Nem todos eram iguais

A revelação mais interessante do livro “Refugiados proeminentes no exílio suíço” é a diferença no tratamento dado pelas autoridades às pessoas que solicitavam proteção e acolhimento.

Em geral, a Suíça seguiu uma política restritiva de asilo político no período que antecedeu o início da Segunda Guerra Mundial e durante o próprio conflito. O receio era que massas de refugiados terminassem por desestabilizar o pequeno país dos Alpes. Não só o nazismo, mas também o comunismo eram visto como ameaça. Por isso, nem todos refugiados eram bem-vindos.

Dentre as várias táticas empregadas para controlar a estadia de refugiados estava a proibição de trabalho, como ocorreu com o escritor Robert Musil. Outros, como o dramaturgo Bertolt Brecht, eram suspeitos de ligações com a União Soviética. Por isso eram vigiados como se fossem espiões e suas vidas dificultadas até os limites do suportável.

“Era uma luta à procura de pão e passaporte; mas o passaporte era mais difícil de obter”, conta Brecht, que havia perdido a nacionalidade alemã e ficou cinco meses sem um documento de identidade, retardado pelas autoridades suíças. Este só foi entregue, quando sua partida já estava garantida.

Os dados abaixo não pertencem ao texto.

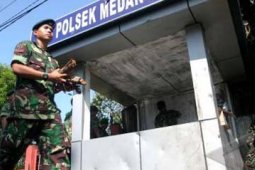 PERBAIKI POS POLISI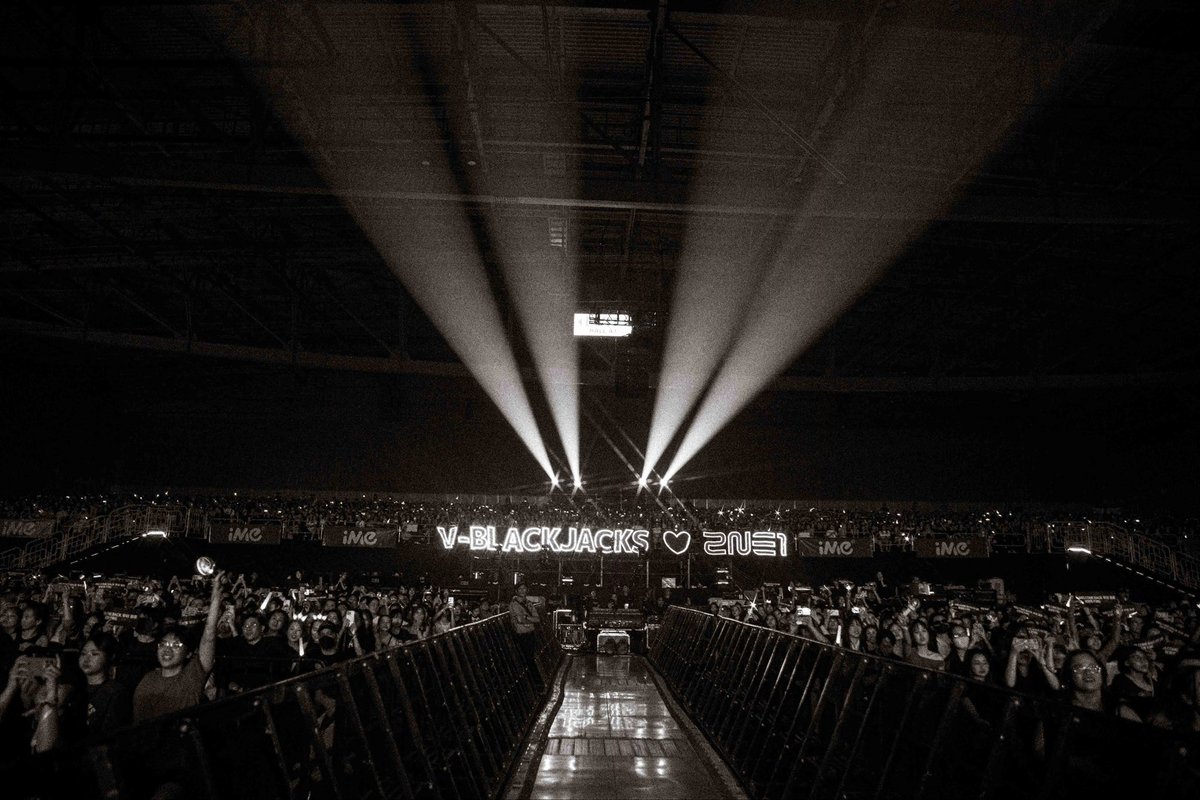 krungy21's tweet photo. Thank you Blackjack Vietnam 🇻🇳♥️
#WelcomeBackInHOCHIMINH #VIETNAM ♠️♥️ https://t.co/oyV8bgP1dM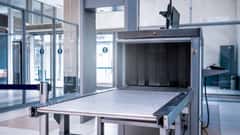 القصة الكاملة للحقائب الإيرانية في المطار!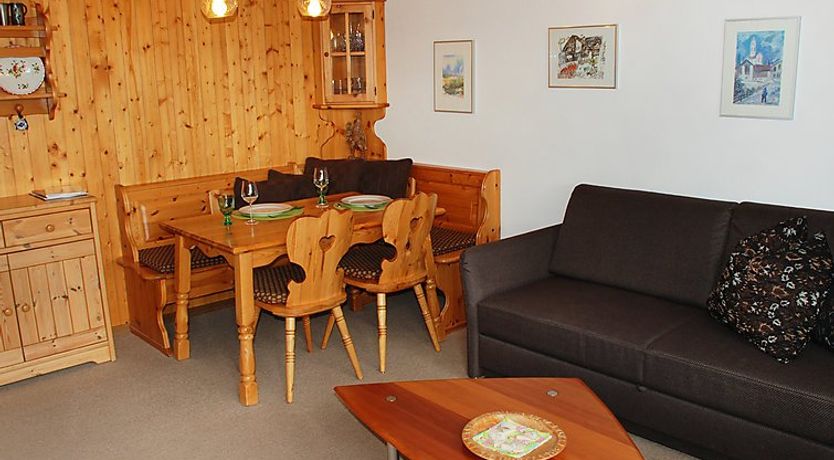 Photo of Valetta Sura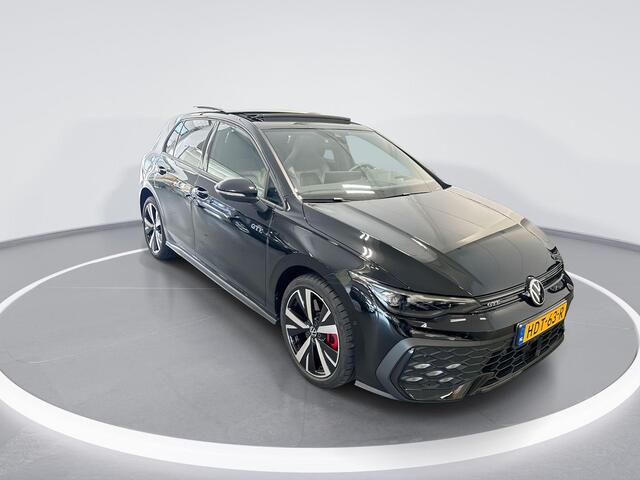 Volkswagen GOLF 1.5 272pk DSG eHybrid GTE · Panoramadak · 360 Camera · Elek. Trekhaak · IQ.Light · Stoelventilatie · Keyless · 18'' Inch · Garantie t/m 10-02-2029 of 100.000km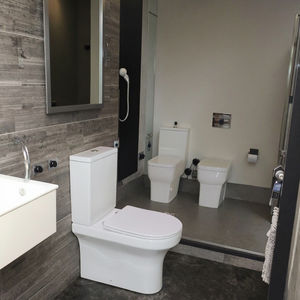 Inodoro occidental de cerámica de doble descarga Jamban Tapa Inodoro moderno con artículos sanitarios P-Trap <span class=keywords><strong>para</strong></span> baños y baños modernos - Product Image 5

Brecht fez no seu diário outras observações sobre o seu exílio no país dos Alpes: – “A Suíça era um bom lugar de refúgio, como uma casa com várias portas. Elas se fechavam naturalmente, uma depois da outras” ou “a Suíça é conhecida como país onde alguém pode ser livre. Porém, só se ela for turista”.

Thomas Mann

Porém nem todos os refugiados nessa época eram indesejáveis. Thomas Mann, prêmio Nobel de Literatura, abandonou Munique logo após a tomada de poder pelo Partido Nacional-Socialista para procurar proteção na Suíça. De 1933 a 1938, Mann viveu com sua família numa casa simples em Küsnacht, no cantão de Zurique, onde continuou sua produção literária e vida cultural.

Thomas Mann partiu posteriormente para os Estados Unidos, retornando para a Europa apenas em 1952. No Velho Continente o escritor escolheu mais uma vez a Suíça, onde viveu até seu falecimento em 1955. Ainda hoje o jazigo da família Mann pode ser visitado em Kilchberg.

O escritor era, já na época, não só conhecido internacionalmente, mas também considerado a voz dos intelectuais alemães no exílio. Por esse motivo Mann nunca teve as mesmas dificuldades com as autoridades suíças, vividas por outros intelectuais estrangeiros. Além de poder exercer sua profissão, ele também podia viajar ao exterior e fazer palestras.

Por considerar a situação da Suíça como delicada, Mann nunca se aproximou dos círculos de exilados alemães. Pelas autoridades suíças ele era considerado discreto e bem integrado. Outro detalhe importante era sua independência financeira, um fator importante na avaliação de um refugiado político.

Durante todo seu exílio suíço, apenas uma solicitação de Thomas Mann foi recusada pelo governo: seu pedido de naturalização, feito em 1934 e recusado no mesmo ano pelo chefe de polícia Heinrich Rothmund.